Our conversations with CIOs and CTOs are becoming more grounded, more pragmatic, and in many cases more sceptical of hype as we look forward to 2026.
The question is no longer which technologies are emerging, but which investments will genuinely reduce risk, enable growth, and stand up to scrutiny.
To understand what is truly sitting at the top of leadership agendas, we asked technology leaders in our network where their focus lies. Is it cybersecurity? AI and data? Or something else entirely?
The answers point to a clear shift in mindset. Technology strategy is increasingly about execution, accountability, and foundations, not experimentation for its own sake.
Cybersecurity continues to dominate near-term priorities, particularly for small and mid-sized organisations.
Several leaders described persistent weaknesses driven by cost pressure, limited access to experienced InfoSec professionals, and a culture that still treats security as “someone else’s problem”. Too often, responsibility is pushed into IT teams without broader organisational ownership.
There was also strong caution around misplaced confidence in cloud platforms. While hyperscalers provide resilient infrastructure, they do not remove accountability. Configuration, access control, and data governance remain firmly the responsibility of the organisation. This also fed a growing concern surrounding digital sovereignty. Dependence on a small number of US-based hyperscalers introduces strategic and operational risk that many organisations are only beginning to confront. Addressing this is complex, unglamorous work that requires specialist capability and clear ownership, not just tooling.

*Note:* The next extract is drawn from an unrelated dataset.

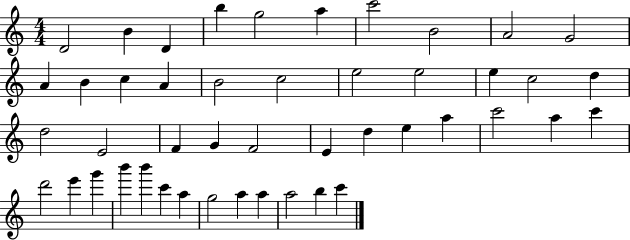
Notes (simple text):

For many CIOs, the challenge is not knowing what needs to be done, but having the right expertise available to embed security into platforms and processes from the outset.
AI remains high on the agenda, but the tone from technology leaders is notably more measured.
Rather than seeing AI as a shortcut to transformation, CIOs consistently described it as an amplifier. When core processes are well defined and data is accessible, high quality, and current, AI can unlock real value. When those foundations are missing, it exposes weaknesses faster than it solves them.
Several leaders noted that much of what enables successful AI adoption is not new. Robust systems architecture, disciplined data operations, and clear process ownership have always been critical. AI simply raises the bar on how well these elements need to work together.
There is also increasing realism around cost and sustainability. Questions are being asked about long-term ROI, infrastructure overheads, and whether organisations can justify permanent investment in highly specialised skills when AI initiatives often move in phases rather than straight lines.
As a result, many CIOs are approaching AI through contained, outcome-led initiatives rather than open-ended programmes, ensuring accountability sits with delivery rather than experimentation.
Data was repeatedly highlighted as both the biggest opportunity and the biggest blocker.
For organisations scaling their operations, fragmented data estates, inconsistent definitions, and legacy platforms continue to slow progress. Without structured, governed data, ambitions around analytics, automation, and AI quickly stall.
Several respondents referenced the recurring cycle of new data paradigms, each promising to unlock value but often falling short when foundational discipline is lacking. The principle remains unchanged. Poor data in will always mean poor outcomes out.
In this context, many leaders are prioritising targeted interventions. Fixing specific data pipelines, modernising architecture aligned to core processes, and focusing on measurable improvements rather than wholesale reinvention.
These are not initiatives that benefit from vague ownership or open timelines. They require clearly scoped work, specialist skills, and delivery accountability.
Across all responses, there was a consistent emphasis on technology as an enabler of commercial objectives.
CIOs and CTOs described their role less as custodians of platforms and more as partners to the business. Aligning systems to revenue growth, margin improvement, and operational efficiency is now the primary lens through which technology investment is judged.
This has driven a focus on simplification. Consolidating platforms, reducing duplication, integrating systems more effectively, and choosing scalable solutions over complexity. Success is increasingly measured by what is delivered, not how many people are hired.
Several leaders also acknowledged the limitations of permanent hiring models for specialist work. When needs are highly specific, time-bound, or outcome-driven, flexibility becomes more valuable than headcount.
Taken together, these priorities point to a broader shift in how technology leaders think about execution.
Security, AI, and data initiatives all share a common requirement. They need the right capability, applied at the right time, with clear accountability for outcomes.
As organisations head into 2026, many CIOs are quietly rethinking how work gets delivered. Rather than relying solely on permanent hires or ad hoc contracting, there is a growing appetite for defined, outcome-led delivery models that align cost, risk, and responsibility.
Statement of Work approaches fit naturally into this mindset. They allow organisations to bring in specialist capability to address specific challenges, embed best practice, and deliver measurable results, without carrying long-term overhead or diluting accountability.
In a year where foundations matter more than hype and execution matters more than intent, this way of working reduces risk and increases clarity.
The question for technology leaders is no longer whether cyber, AI, or data should be prioritised. It is whether the organisation has the delivery model in place to turn those priorities into outcomes that the business can sustain.
For CIOs and CTOs planning for 2026, that decision may prove just as important as any technology choice they make.